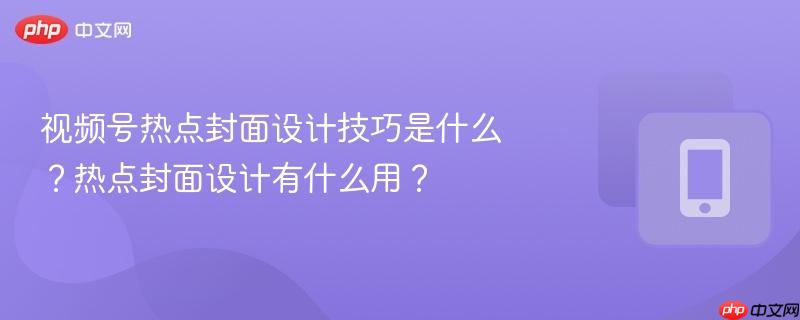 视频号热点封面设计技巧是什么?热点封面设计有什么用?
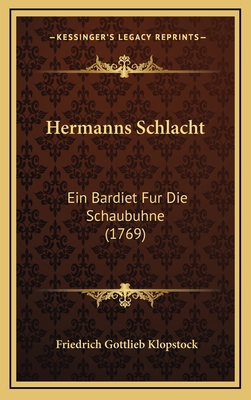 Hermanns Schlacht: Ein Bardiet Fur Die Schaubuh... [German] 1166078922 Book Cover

● ● ● ● ●

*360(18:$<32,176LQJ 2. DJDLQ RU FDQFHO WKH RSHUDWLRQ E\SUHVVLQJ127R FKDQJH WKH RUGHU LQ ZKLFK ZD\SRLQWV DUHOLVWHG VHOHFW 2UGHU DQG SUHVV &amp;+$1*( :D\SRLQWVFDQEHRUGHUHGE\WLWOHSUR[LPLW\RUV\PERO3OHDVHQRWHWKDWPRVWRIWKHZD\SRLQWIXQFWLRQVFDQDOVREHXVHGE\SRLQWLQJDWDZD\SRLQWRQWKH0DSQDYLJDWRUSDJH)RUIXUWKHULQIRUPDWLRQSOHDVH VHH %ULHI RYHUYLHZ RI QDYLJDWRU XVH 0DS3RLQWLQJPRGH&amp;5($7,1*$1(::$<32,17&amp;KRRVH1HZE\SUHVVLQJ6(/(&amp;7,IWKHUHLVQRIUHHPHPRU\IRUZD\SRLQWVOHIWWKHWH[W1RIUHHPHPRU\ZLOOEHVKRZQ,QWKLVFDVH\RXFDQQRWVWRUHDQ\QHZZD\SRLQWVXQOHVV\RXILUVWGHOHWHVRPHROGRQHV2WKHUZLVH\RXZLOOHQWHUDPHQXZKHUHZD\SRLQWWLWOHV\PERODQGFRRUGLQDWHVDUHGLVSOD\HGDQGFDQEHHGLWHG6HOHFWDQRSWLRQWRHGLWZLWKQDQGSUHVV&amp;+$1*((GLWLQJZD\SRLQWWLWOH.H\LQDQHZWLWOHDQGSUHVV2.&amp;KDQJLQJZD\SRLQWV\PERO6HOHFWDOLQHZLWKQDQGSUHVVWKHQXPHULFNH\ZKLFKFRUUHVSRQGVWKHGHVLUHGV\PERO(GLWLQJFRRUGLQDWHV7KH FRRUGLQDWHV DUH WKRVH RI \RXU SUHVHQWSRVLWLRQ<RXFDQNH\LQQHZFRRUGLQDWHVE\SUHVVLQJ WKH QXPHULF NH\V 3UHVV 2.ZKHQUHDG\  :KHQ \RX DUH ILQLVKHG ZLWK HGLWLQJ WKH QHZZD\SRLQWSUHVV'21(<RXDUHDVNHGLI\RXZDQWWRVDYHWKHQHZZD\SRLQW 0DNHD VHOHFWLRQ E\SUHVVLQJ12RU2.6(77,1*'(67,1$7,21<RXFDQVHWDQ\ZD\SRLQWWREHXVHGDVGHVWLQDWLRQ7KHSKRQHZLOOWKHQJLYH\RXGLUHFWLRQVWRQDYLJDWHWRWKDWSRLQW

● ● ● ● ●

Your objective: Nothing but the lines above from the one that has "视频号热点封面设计技巧是什么?热点封面设计有什么用?" down to the one that has "Hermanns Schlacht: Ein" belongs in the answer, copied exactly, without pictures.

Response to the task:
 视频号热点封面设计技巧是什么?热点封面设计有什么用?
 Hermanns Schlacht: Ein Bardiet Fur Die Schaubuh... [German] 1166078922 Book Cover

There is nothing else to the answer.